Atas perintah langsung Kapolda, Bripda TT diamankan dan ditempatkan dalam Penempatan Khusus (Patsus) langkah disipliner yang biasanya diterapkan untuk anggota yang diduga melakukan pelanggaran serius. Patsus tidak sekadar “ruang khusus”, tetapi sebuah penahanan internal yang bertujuan mencegah pelaku memanipulasi jalannya pemeriksaan, menghilangkan barang bukti, mempengaruhi saksi, atau bahkan kabur.
“Personel tersebut sudah kami tempatkan di ruang khusus sesuai perintah langsung Kapolda,” ujar Kabid Humas Polda NTT, Kombes Pol Henry Novika Chandra, Jumat (14/11/2025).
Profil Singkat yang Mengguncang: Baru 9 Bulan Berdinas, Sudah Tersandung Kasus Berat
Fakta lain yang membuat publik terkejut: Bripda TT ternyata baru menjabat selama 9 bulan 1 hari sebagai bintara (BA) di Direktorat Samapta Polda NTT. Usianya dalam dunia kepolisian bahkan belum genap satu tahun, tetapi sudah tercoreng oleh tindakan yang dinilai mencoreng institusi.
Peristiwa pemukulan itu terjadi Kamis, 13 November 2025, seolah menunjukkan bahwa budaya kekerasan di lingkungan senior-junior masih menjadi problem laten yang sulit diberantas bila tidak ada pengawasan ketat.

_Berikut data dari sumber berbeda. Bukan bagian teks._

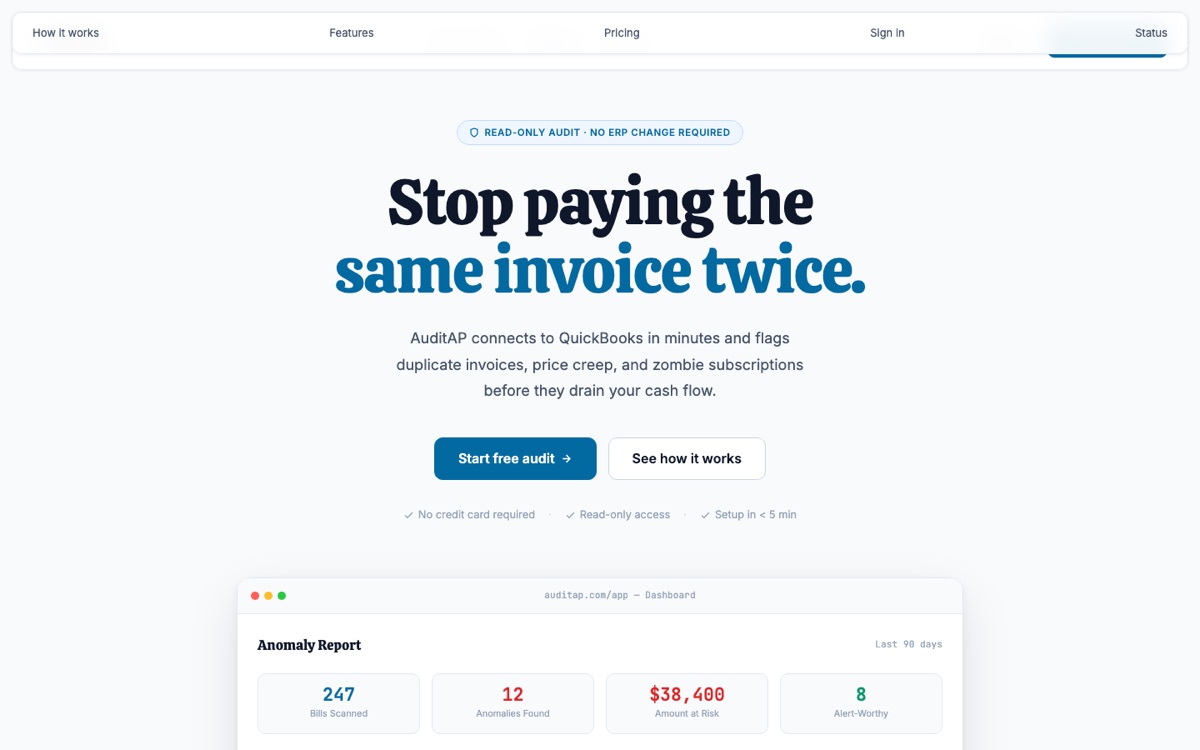 AuditAP accounts-payable monitoring dashboard flagging invoice anomalies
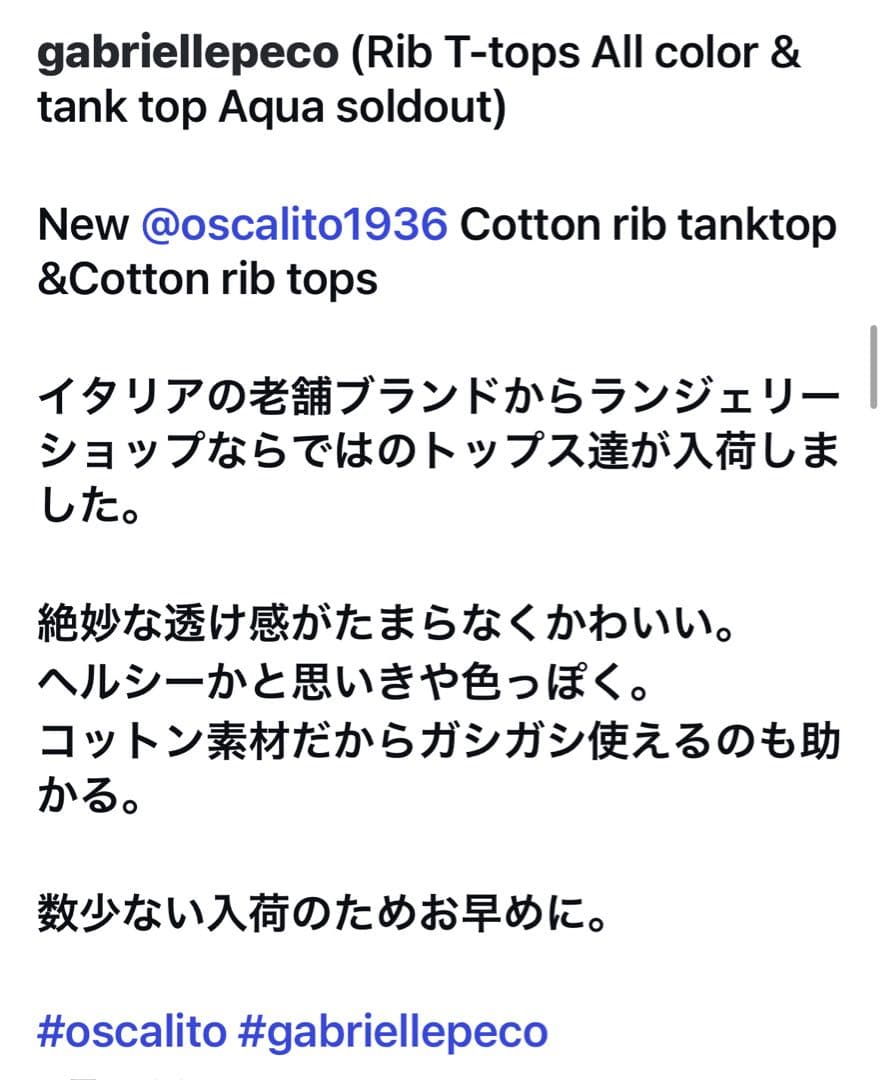 新品ガブリエル ペコ（GABRIELLE PECO) タンクトップ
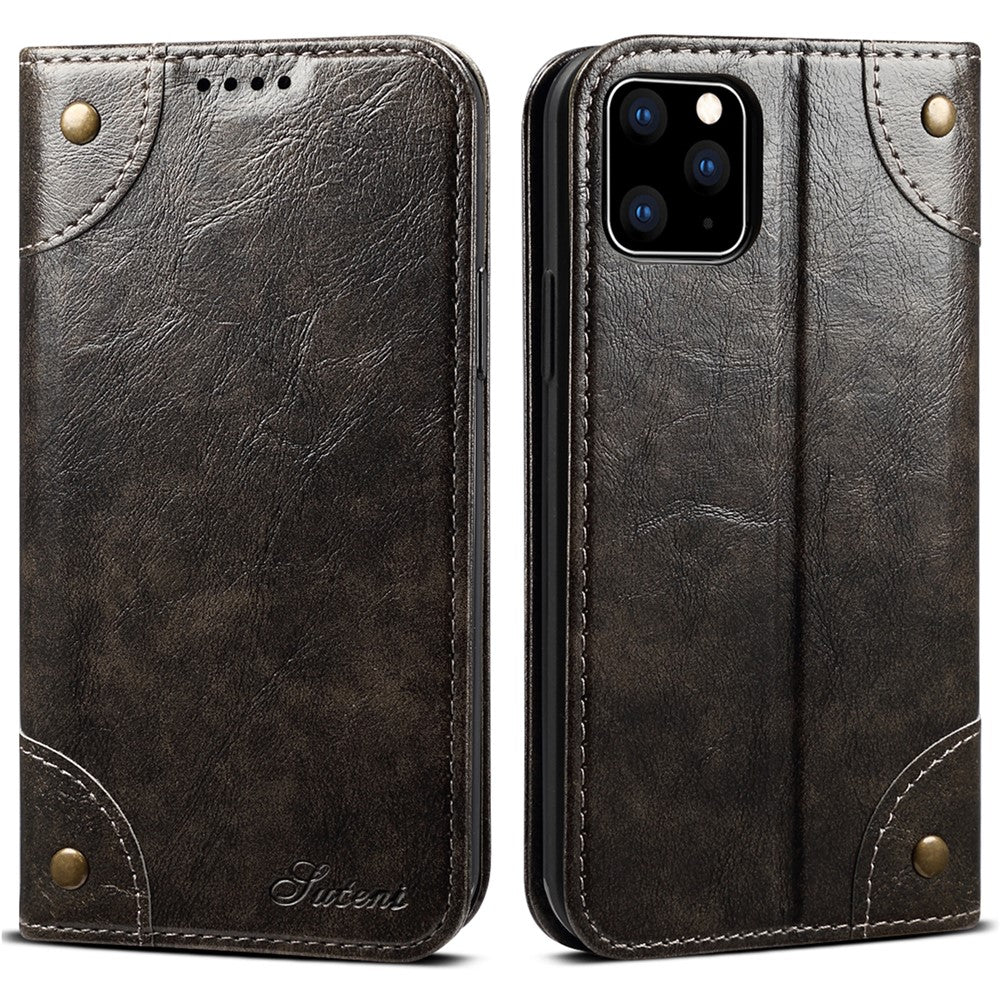 SUTENI 055-serien Ridsefast Flip Telefoncover PU Læder+TPU Etui Pung Stativ Stødsikkert Telefoncover til iPhone 11 Pro Max 6,5 tommer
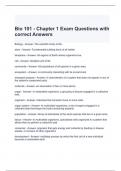 Bio 101 - Chapter 1 Exam Questions with correct Answers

Polda NTT Beri Sinyal Tegas: Kekerasan Tidak Akan Ditoleransi
Kombes Henry menegaskan bahwa institusi tidak akan menutup mata. Tidak ada “kamuflase pembinaan”, tidak ada justifikasi senioritas, dan tidak ada pembelaan pada tindakan yang melanggar hukum.
“Praktik kekerasan tidak bisa dibenarkan. Kepada para senior dan junior, kami ingatkan pentingnya prinsip asih, asah, dan asuh,” tegasnya.
Pesan itu bukan sekadar statement, tetapi peringatan keras kepada seluruh anggota bahwa zaman sudah berubah. Kekerasan internal yang dulu mungkin dianggap tradisi kini dapat menjadi ancaman serius bagi reputasi pribadi maupun institusi.
Kasus Masih Bergulir: Menanti Keputusan Disiplin dan Pidana
Meski Bripda TT telah diamankan, proses pemeriksaan baru saja dimulai. Statusnya kini berada dalam “zona merah”: bisa berakhir pada hukuman disiplin berat, pencopotan, bahkan proses pidana apabila ditemukan unsur penganiayaan.
Sementara itu, publik masih menunggu langkah lanjutan dari Polda NTT. Apakah kasus ini akan menjadi momentum perombakan budaya senioritas yang melebar menjadi kekerasan? Atau justru menjadi satu dari sekian banyak kasus serupa yang redup seiring waktu?
Yang jelas, satu hal kini pasti: masa depan Bripda TT berada di ujung tanduk, dan semua mata sedang mengarah padanya.